| Records to process |
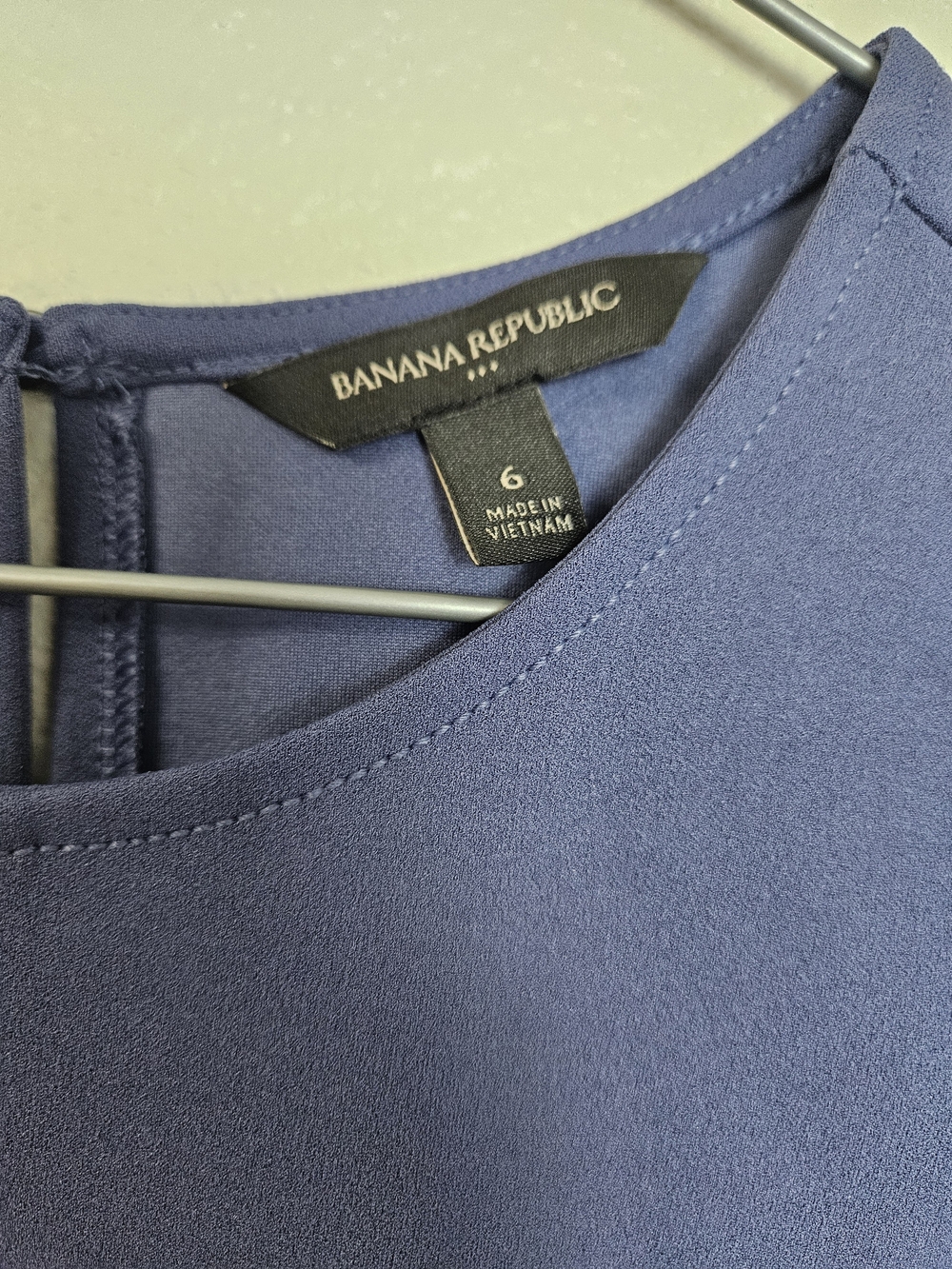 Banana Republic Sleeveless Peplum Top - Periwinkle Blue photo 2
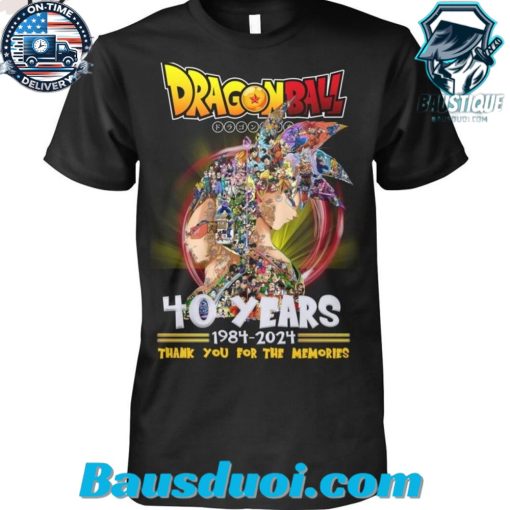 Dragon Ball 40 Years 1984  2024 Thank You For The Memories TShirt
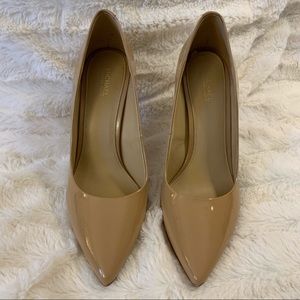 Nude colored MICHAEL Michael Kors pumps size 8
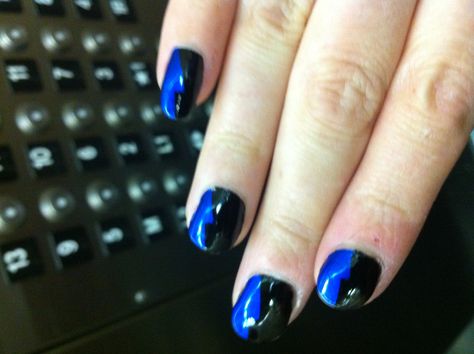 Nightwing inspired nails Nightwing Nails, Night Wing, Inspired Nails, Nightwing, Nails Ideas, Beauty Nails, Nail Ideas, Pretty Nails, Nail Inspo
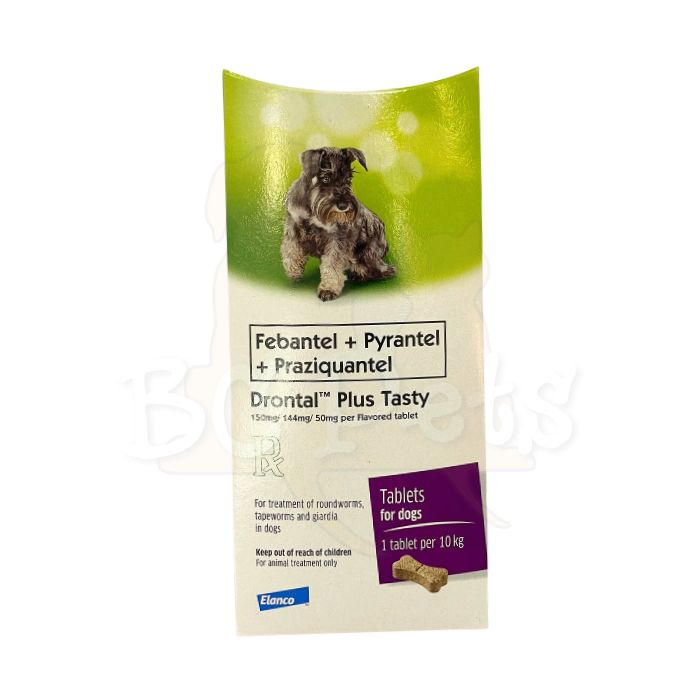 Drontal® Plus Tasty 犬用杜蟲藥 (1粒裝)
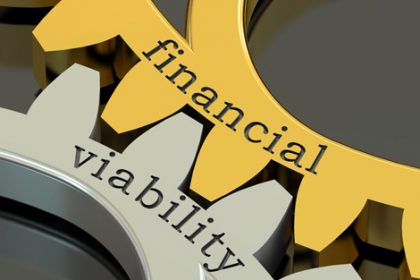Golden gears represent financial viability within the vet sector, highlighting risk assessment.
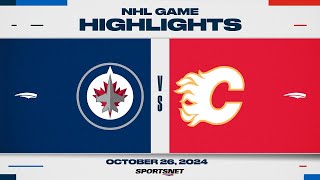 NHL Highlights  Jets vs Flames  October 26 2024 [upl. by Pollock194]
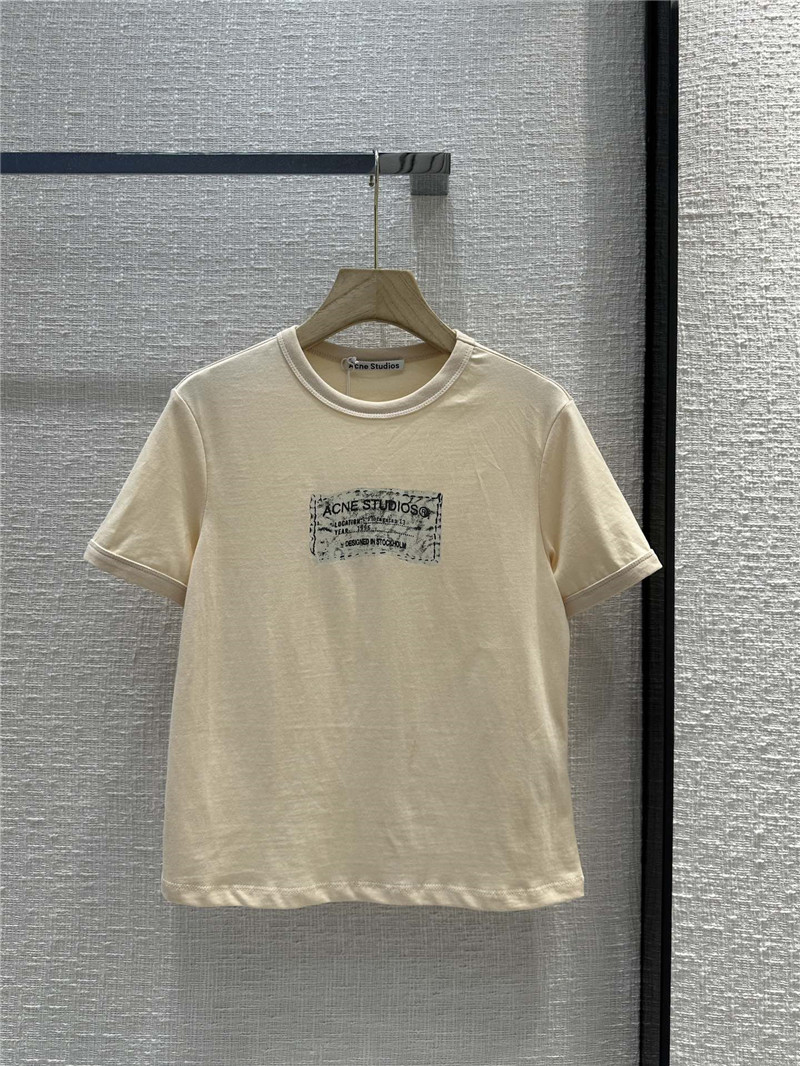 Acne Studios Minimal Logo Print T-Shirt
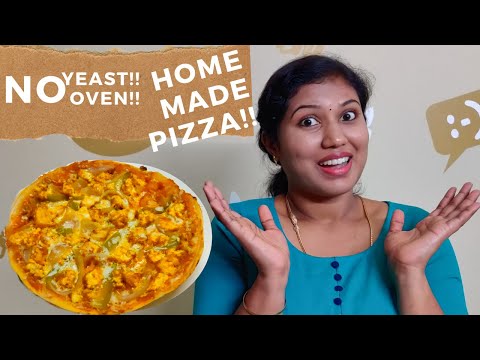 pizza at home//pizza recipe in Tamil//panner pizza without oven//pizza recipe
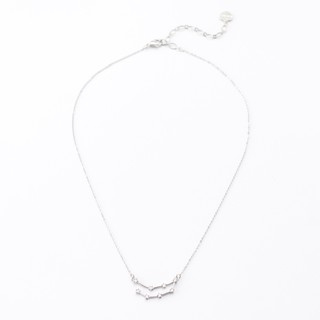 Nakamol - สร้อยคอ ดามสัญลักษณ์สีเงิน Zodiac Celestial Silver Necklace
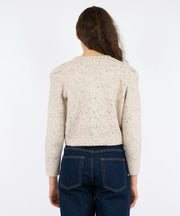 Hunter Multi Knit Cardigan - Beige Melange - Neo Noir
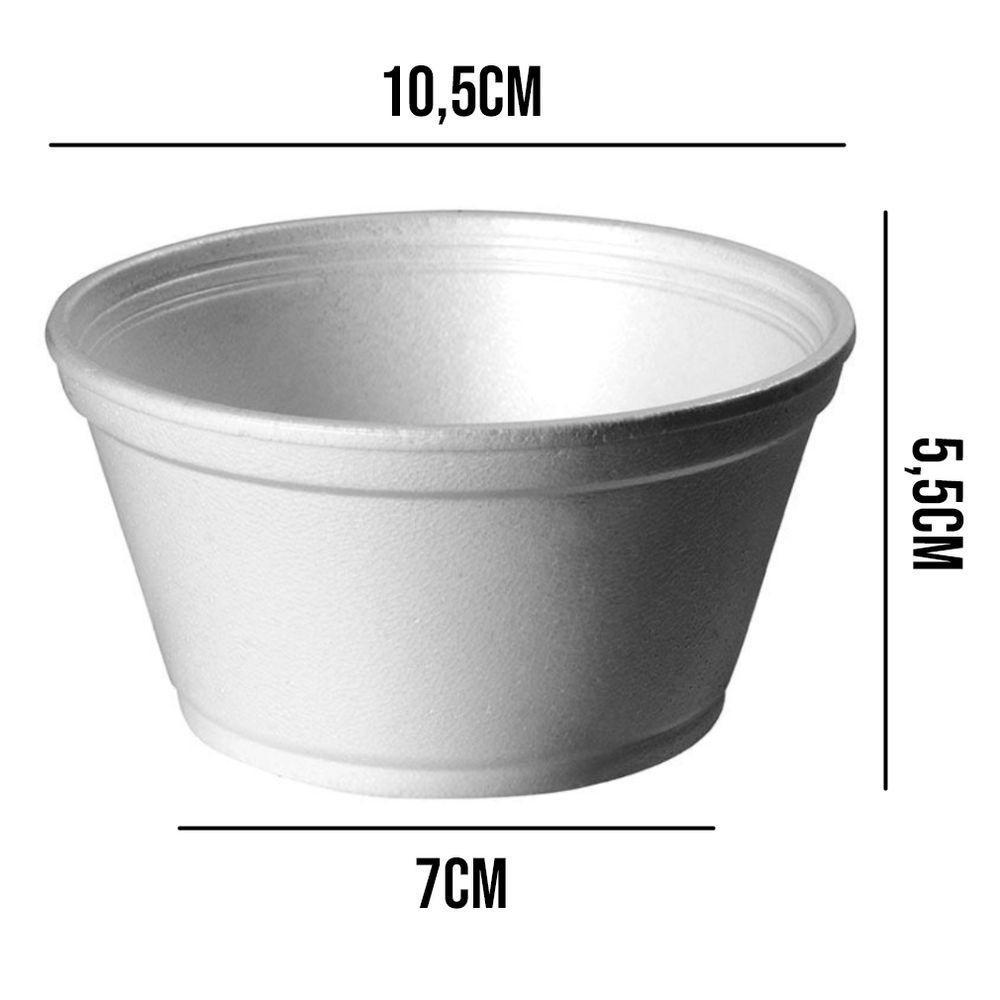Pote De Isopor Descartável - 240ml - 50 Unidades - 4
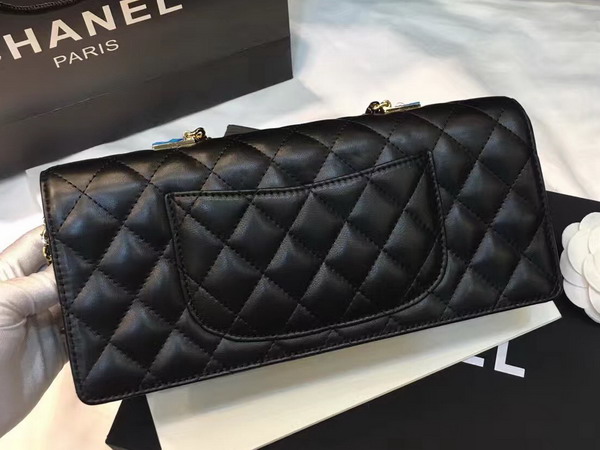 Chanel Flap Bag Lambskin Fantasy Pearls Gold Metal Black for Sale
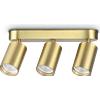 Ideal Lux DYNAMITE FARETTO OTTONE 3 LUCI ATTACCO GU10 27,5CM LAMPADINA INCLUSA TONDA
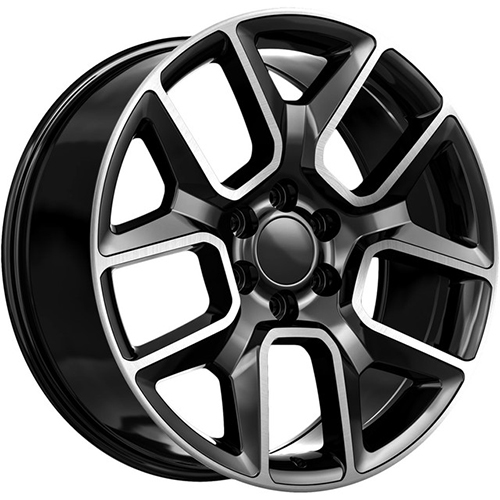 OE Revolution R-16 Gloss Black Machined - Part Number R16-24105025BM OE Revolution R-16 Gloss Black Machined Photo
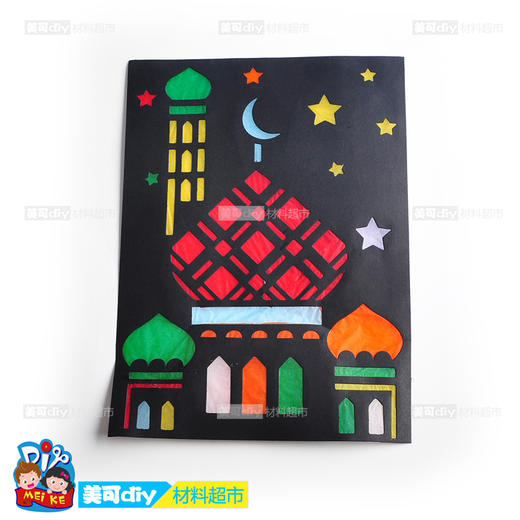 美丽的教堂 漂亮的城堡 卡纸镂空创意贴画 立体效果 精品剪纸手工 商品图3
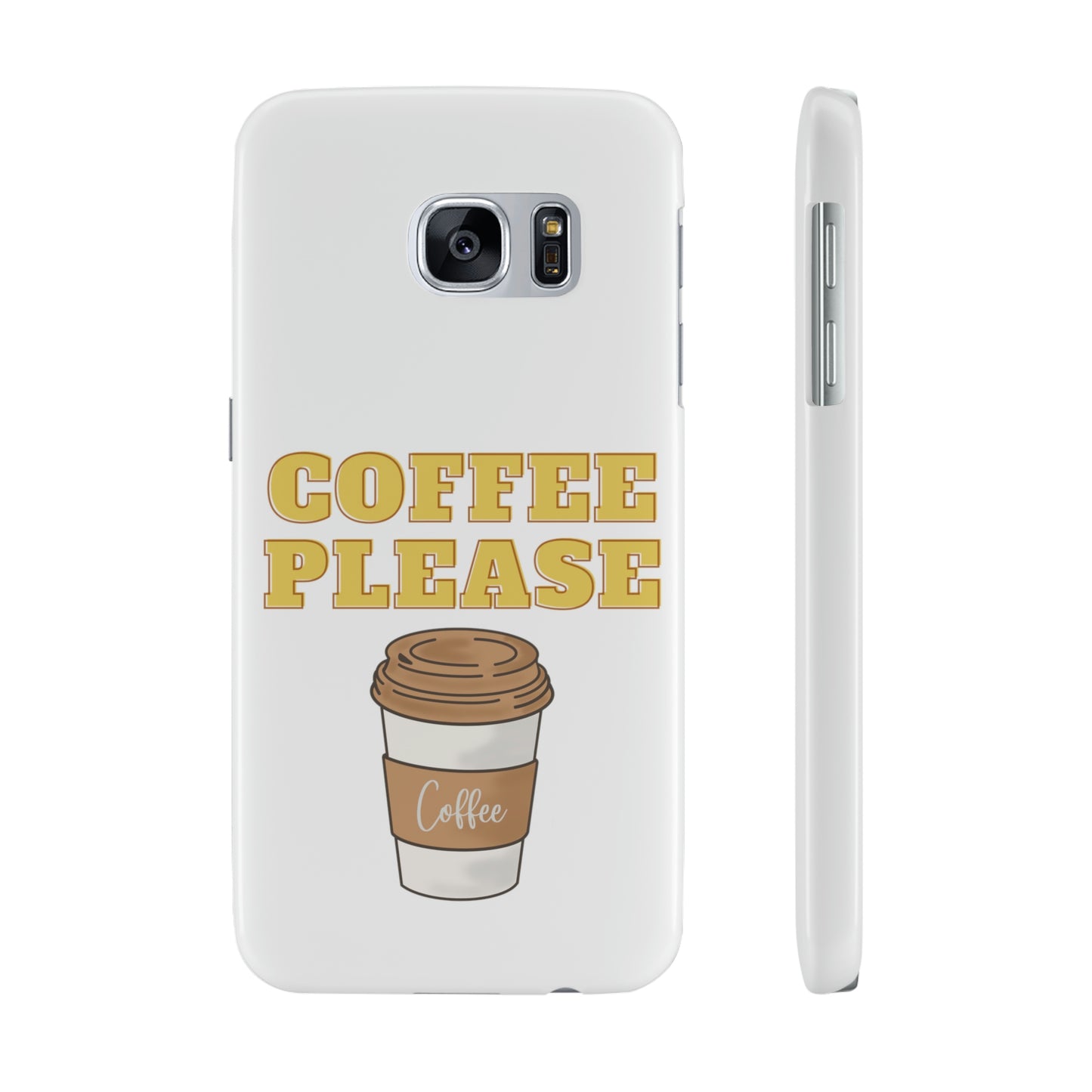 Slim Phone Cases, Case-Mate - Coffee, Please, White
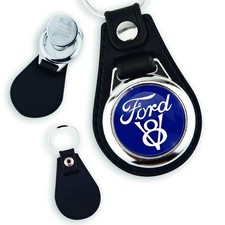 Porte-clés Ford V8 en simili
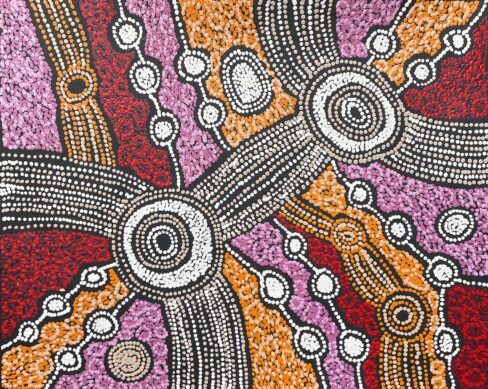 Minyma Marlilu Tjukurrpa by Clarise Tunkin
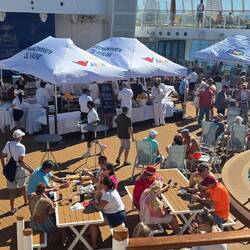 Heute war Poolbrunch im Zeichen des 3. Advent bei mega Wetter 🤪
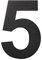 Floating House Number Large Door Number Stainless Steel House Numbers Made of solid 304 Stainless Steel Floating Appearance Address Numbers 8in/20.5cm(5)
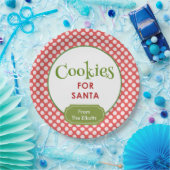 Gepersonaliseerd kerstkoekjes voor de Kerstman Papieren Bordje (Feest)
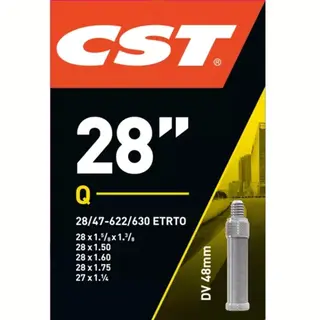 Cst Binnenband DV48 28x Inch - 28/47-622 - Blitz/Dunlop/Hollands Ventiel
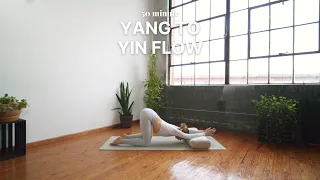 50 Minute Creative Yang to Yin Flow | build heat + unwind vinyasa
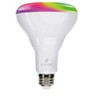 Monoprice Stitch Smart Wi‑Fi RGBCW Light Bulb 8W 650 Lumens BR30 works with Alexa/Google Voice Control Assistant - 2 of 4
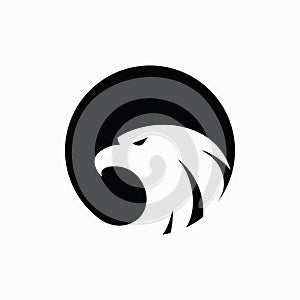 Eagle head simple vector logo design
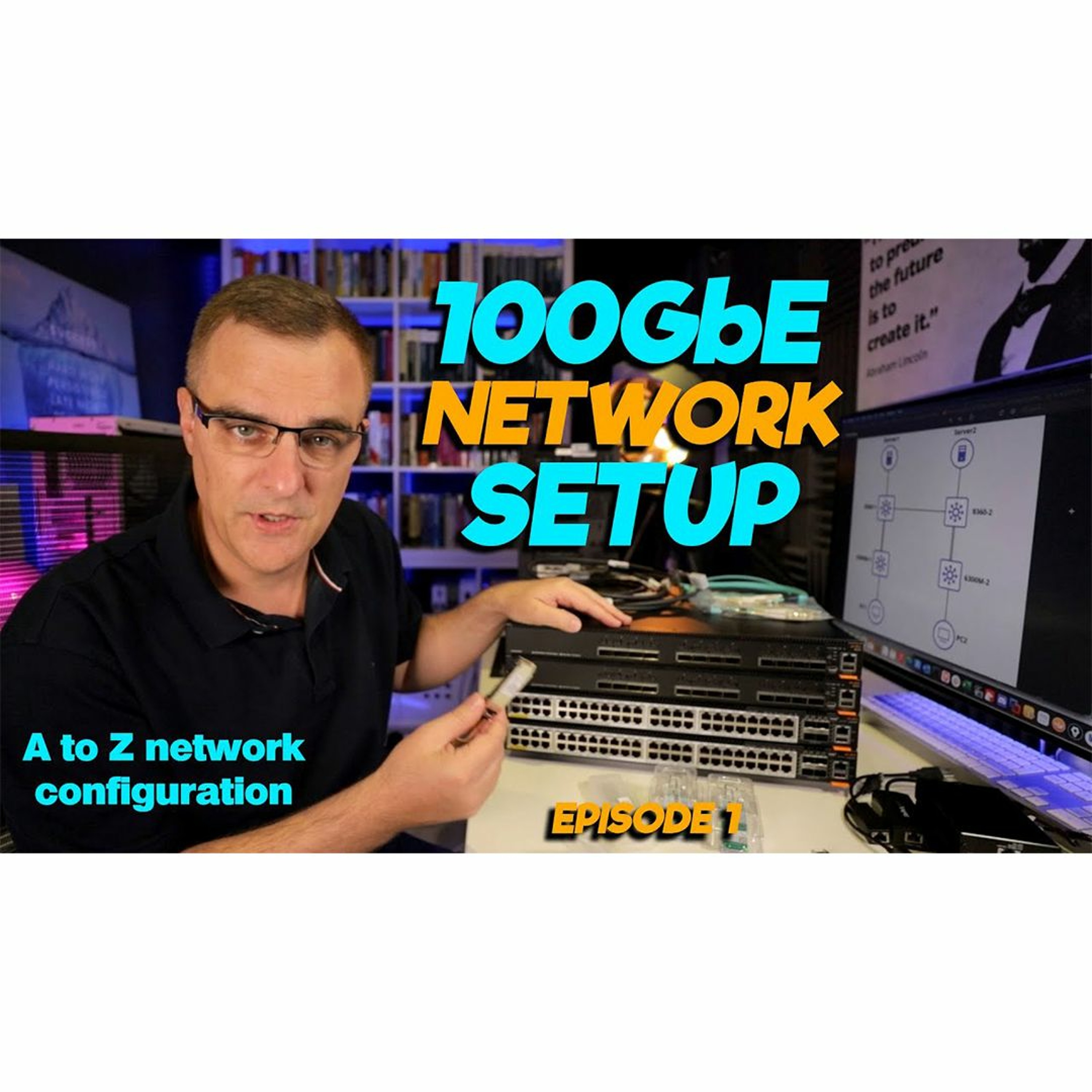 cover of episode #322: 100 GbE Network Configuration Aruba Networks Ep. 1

| What the exercise asks |
Using the listing above, repeat word for word each line from the one with "美丽的教堂 漂亮的城堡 卡纸镂空创意贴画 立体效果 精品剪纸手工 商品图3" down to the one with "Floating House Number", both included. Omit all pictures.

| Your response |
 美丽的教堂 漂亮的城堡 卡纸镂空创意贴画 立体效果 精品剪纸手工 商品图3
 Slim Phone Cases, Case-Mate - Coffee, Please, White
 Porte-clés Ford V8 en simili
 Minyma Marlilu Tjukurrpa by Clarise Tunkin
 Heute war Poolbrunch im Zeichen des 3. Advent bei mega Wetter 🤪
 Floating House Number Large Door Number Stainless Steel House Numbers Made of solid 304 Stainless Steel Floating Appearance Address Numbers 8in/20.5cm(5)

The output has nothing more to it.